After arguing and physically fighting, Vic grabs Spike's rifle and holds her at gunpoint. Explaining that he is out of ammo, Vic intends to sneak past the roverpaks and break into the warehouse. Spike and Blood follow, rescuing Vic from attacking rovers and carrying him back to camp. Blood convinces Vic that the three of them have the best chance of survival if they join forces, to which Vic reluctantly agrees. Blood infiltrates the rover camps, speaking individually with various dogs, instructing them to notify their masters of a parley to resolve the standoff. When Vic and Blood arrive at the parley, their mortal enemy Fellini is present, attended by two muscular litter bearers named Ratch and Victory. Negotiations initially seem productive until Fellini threatens to instigate a full-scale shootout unless his two terms are met; his terms being that he would be allowed to keep all the pudding cans in the warehouse, and that Vic is to be turned over to him. The majority agree to his terms, and Vic demands one-on-one trial by combat to the death for his freedom. Fellini accepts, but names his litter bearer Victory as his champion against Vic.

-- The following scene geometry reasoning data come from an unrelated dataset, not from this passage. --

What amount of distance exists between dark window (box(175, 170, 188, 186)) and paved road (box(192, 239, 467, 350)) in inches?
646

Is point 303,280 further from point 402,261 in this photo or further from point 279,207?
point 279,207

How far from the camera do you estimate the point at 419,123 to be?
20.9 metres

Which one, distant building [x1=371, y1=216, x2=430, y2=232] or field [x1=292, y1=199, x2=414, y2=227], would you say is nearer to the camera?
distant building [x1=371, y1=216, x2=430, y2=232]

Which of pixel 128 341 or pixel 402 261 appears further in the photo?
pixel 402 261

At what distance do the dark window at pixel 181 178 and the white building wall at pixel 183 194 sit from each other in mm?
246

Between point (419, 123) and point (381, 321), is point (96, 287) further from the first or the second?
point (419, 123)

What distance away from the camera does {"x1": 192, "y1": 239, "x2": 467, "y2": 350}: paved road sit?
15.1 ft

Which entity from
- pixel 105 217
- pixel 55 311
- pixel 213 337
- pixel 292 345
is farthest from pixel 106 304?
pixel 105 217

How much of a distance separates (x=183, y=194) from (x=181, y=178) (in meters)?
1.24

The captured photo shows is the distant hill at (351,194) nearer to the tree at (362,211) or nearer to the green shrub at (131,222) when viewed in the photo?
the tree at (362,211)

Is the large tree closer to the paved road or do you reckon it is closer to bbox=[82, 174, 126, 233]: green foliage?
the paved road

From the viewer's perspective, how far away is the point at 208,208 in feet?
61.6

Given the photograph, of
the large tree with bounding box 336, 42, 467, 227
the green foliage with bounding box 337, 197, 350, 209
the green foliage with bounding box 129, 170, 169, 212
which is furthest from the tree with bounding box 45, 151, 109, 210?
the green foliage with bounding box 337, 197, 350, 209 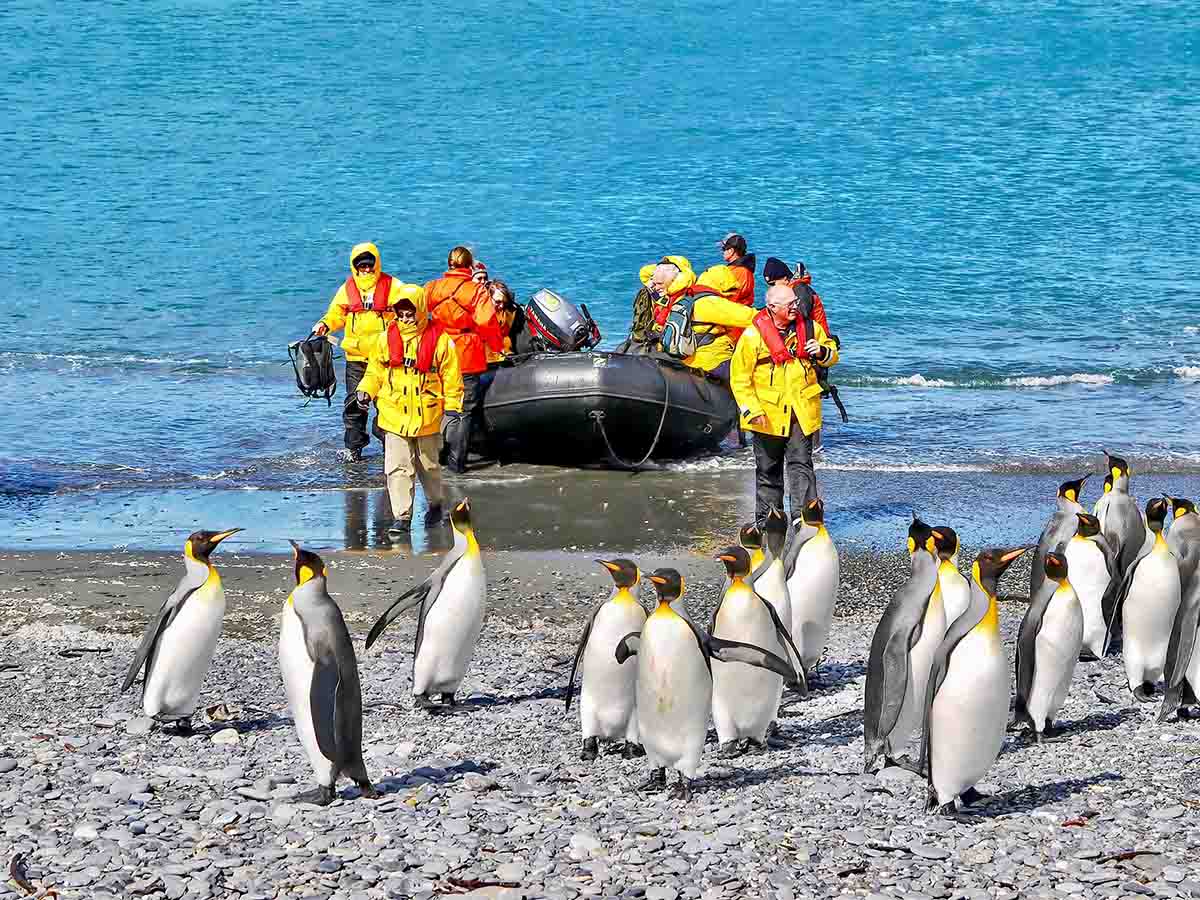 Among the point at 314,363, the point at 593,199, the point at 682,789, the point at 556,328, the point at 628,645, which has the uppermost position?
the point at 593,199

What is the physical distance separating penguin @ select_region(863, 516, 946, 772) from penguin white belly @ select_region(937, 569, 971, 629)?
0.29 m

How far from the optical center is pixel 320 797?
5945 mm

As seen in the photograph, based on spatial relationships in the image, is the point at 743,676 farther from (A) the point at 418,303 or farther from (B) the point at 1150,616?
(A) the point at 418,303

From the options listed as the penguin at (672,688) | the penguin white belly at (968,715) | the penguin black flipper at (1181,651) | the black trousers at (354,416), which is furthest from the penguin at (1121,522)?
the black trousers at (354,416)

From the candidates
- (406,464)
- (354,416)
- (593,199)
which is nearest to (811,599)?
(406,464)

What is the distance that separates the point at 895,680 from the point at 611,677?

Vic is on the verge of defeat by Fellini's litter bearer when Blood pounces on Fellini, causing a ruckus among the assembled rovers and solos. The two are subdued, and Fellini demands that Vic tell him what (apart from supplies) is in the warehouse. Vic refuses, and Victory beats him for the information. He does not yield until Fellini threatens Blood at gunpoint; Vic tells Fellini (from Blood's instructions) that there are Screamers in the warehouse. Fellini orders Vic and Blood to be lowered into the warehouse to flush out and fight any Screamers inside. Meanwhile, Spike has burned a hole in the side of the building with the laser rifle, and has been loading sacks with food, water, and ammunition as part of Blood's overall plan. Vic is upset to learn his part in the plan was a diversion, but Blood calms him down. Spike climbs a rope out of the building, but before Vic and Blood climb out, three Screamers appear in the doorway. Vic throws a torch at them, igniting one and spreading flames which catch on to dried wooden crates. Vic climbs up with Blood in tow as the rope catches fire, but begins to succumb to the heat and smoke just as Spike reaches in and helps pull him and Blood through the hole. Vic later saves Spike from pursuing rovers, and the three escape into the night.

The story concludes with Vic, Blood, and Spike camped out by the seashore, where Blood suggests they head east to try and find safe haven. Vic rejects the idea as more of Blood's delusional talk of the mythical "over the hill." He storms off, refusing to work with Spike or Blood ever again; Spike's meanness, and Blood's deception in the plan to enter the Walmart are his reasons for leaving. Spike and Blood share a knowing smile, and follow Vic along the beach. Blood describes the events of the Watergate scandal to Vic and Spike as the trio continue traveling along the beach.

==Legacy==
The film adaptation was an influence on Love and Monsters (2020) by Michael Matthews.

The story and its film adaptation have also been mentioned to be influential in the creation of both George Miller's Mad Max film franchise and the Fallout video game series by Black Isle Studios.